*What is being asked:* From the entries below, output the line with "NEU | SONGMICS" and each following line up to and including the line with "ストックホルム ポストカード (正面/裏面)", exactly as written.
*** Begin section ***
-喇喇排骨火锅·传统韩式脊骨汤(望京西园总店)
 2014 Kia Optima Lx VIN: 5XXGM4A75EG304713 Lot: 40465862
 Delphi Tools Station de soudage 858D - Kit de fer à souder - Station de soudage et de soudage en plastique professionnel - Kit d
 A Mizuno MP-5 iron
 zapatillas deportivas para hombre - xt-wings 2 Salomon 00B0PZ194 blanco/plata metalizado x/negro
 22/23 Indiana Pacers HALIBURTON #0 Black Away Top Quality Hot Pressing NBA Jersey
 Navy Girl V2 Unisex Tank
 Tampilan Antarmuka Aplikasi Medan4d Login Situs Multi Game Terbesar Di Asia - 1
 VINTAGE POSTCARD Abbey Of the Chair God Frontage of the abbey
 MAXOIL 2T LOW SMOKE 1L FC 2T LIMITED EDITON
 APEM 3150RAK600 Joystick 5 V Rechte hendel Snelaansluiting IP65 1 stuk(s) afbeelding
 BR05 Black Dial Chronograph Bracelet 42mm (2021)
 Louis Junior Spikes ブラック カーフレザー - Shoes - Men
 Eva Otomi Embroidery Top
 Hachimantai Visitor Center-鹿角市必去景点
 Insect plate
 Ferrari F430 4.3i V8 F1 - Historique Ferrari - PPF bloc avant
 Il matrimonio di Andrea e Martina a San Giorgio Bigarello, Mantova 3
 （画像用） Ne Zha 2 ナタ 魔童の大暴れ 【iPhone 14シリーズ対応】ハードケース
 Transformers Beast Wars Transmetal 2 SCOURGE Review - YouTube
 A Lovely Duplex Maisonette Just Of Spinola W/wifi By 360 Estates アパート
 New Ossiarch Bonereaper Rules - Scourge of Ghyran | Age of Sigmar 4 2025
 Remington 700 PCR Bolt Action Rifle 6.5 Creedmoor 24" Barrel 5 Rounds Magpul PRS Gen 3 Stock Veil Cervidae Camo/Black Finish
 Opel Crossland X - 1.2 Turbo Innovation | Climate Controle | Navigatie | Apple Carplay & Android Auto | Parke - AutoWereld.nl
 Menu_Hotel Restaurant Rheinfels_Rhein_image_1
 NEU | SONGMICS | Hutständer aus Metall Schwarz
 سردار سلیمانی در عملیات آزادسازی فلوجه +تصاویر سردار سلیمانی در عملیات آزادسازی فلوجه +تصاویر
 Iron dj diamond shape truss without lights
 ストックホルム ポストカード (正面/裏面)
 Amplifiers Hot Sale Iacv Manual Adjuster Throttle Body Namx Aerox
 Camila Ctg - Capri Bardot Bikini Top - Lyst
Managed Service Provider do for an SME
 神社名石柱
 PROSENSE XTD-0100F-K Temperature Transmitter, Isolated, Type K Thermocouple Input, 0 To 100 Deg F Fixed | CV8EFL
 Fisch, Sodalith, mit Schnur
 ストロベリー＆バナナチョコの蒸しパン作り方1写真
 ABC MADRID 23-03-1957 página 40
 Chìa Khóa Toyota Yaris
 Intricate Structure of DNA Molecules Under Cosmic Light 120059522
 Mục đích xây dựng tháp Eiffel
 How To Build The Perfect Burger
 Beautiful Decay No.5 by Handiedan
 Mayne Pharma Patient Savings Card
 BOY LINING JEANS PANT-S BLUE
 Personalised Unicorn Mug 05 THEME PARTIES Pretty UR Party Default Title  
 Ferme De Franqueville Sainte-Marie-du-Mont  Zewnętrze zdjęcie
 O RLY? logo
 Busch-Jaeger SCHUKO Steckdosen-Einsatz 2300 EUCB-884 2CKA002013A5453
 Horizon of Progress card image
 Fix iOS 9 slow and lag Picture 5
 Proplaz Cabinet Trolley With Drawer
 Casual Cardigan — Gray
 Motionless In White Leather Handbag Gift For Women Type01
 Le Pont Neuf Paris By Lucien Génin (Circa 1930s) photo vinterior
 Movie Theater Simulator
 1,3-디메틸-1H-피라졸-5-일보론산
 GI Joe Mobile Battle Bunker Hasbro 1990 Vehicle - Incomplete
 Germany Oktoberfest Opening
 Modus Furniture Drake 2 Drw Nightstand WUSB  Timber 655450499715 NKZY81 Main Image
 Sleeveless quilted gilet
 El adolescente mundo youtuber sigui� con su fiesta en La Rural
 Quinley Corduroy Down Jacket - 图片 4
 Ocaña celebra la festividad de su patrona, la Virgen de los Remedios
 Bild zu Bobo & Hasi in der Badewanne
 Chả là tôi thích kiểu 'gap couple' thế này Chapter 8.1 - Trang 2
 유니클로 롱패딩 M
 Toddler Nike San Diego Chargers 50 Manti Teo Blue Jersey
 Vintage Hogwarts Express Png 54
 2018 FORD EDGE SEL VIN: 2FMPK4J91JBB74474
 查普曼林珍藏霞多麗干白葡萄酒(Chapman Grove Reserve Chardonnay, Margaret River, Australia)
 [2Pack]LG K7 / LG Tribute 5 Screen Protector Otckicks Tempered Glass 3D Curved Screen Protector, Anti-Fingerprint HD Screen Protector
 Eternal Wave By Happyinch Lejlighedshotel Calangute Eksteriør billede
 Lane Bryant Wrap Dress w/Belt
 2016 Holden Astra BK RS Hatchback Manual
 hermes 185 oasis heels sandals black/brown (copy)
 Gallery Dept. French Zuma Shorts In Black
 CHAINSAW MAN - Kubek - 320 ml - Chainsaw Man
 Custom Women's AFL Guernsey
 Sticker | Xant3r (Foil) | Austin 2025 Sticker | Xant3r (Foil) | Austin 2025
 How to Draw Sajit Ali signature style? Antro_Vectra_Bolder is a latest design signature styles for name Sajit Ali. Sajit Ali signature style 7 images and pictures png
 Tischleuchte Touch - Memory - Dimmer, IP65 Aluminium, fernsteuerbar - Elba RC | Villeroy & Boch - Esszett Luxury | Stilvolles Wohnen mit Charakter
*** End section ***
*Answer to the exercise:*
 NEU | SONGMICS | Hutständer aus Metall Schwarz
 سردار سلیمانی در عملیات آزادسازی فلوجه +تصاویر سردار سلیمانی در عملیات آزادسازی فلوجه +تصاویر
 Iron dj diamond shape truss without lights
 ストックホルム ポストカード (正面/裏面)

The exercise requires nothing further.